→ What the task asks
Search the records below for "Man typing on laptop at desk.". Return that line and all remaining lines exactly.

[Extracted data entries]
- Opening Delimiter -

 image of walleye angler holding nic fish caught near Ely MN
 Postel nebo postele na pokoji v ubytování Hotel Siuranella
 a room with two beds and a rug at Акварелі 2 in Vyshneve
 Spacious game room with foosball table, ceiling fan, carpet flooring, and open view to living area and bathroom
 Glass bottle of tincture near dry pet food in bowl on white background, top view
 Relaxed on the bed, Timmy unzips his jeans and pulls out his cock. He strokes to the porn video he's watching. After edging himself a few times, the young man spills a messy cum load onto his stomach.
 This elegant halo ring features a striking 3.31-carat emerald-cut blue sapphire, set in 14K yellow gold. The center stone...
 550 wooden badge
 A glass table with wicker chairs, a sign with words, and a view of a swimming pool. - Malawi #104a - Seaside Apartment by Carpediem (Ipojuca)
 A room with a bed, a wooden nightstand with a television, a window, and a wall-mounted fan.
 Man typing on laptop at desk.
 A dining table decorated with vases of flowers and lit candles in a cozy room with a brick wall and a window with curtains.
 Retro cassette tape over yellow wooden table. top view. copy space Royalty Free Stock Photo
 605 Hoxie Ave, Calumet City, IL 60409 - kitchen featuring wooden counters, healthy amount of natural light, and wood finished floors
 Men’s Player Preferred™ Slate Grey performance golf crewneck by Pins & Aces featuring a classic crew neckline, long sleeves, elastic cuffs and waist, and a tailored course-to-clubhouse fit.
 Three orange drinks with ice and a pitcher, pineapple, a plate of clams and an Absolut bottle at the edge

- Closing Delimiter -

→ Result of the exercise
 Man typing on laptop at desk.
 A dining table decorated with vases of flowers and lit candles in a cozy room with a brick wall and a window with curtains.
 Retro cassette tape over yellow wooden table. top view. copy space Royalty Free Stock Photo
 605 Hoxie Ave, Calumet City, IL 60409 - kitchen featuring wooden counters, healthy amount of natural light, and wood finished floors
 Men’s Player Preferred™ Slate Grey performance golf crewneck by Pins & Aces featuring a classic crew neckline, long sleeves, elastic cuffs and waist, and a tailored course-to-clubhouse fit.
 Three orange drinks with ice and a pitcher, pineapple, a plate of clams and an Absolut bottle at the edge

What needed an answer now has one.